# hello



## Noor Zahra (Jul 6, 2019)

I am new here in this community, I am a digital marketer and running my online digital marketing business.

Mum of 2 young children.

Life is not hard ,its so amazing and beautiful, but in some situations we feel like its the End of the world.

Most important topic of our society is marriage and relationships in my opinion, as may are struggling to save their relationships and marriages. some times women can go bit further for some reasons to create the situations bit worse and some times men.

Both at the same time thinks that he or she is right.

I also suffer many hard times in my life but coped on many occasions.

In my opinions we can save our marriage according to my experience, and this method helped me a lot in my journey and I believe it can help everyone .

The reason to join here is, after using this method in many peoples life , I got so many good reviews and I thought why not share this to a proper forum where hundreds and thousands of people can take advantage from this proven method.

I hope you will share your feedback


----------



## EleGirl (Dec 3, 2011)

Hello, 

I'm a site administrator and moderator.

I'm not sure what you are trying to do here.

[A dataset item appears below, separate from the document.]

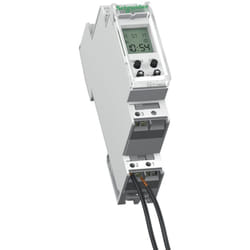 Schneider Electric - Interrupteur horaire ihp 24h/7j 18mm 1canal réserve de marche 56 commutations - CCT15854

Your poll is basically asking people if they are willing to follow some method you think you have developed to save marriages. But you don't tell us anything about your method and without that information how can anyone know if they are interested or not.

You also don't provide us with your background and why you think you are qualified.

Are you selling something? Perhaps you are trying to get people to pay for your help? You need to be 100% clear here on what your goals are.

If you are only here to share and help people, than please do so by posting in response on threads.


----------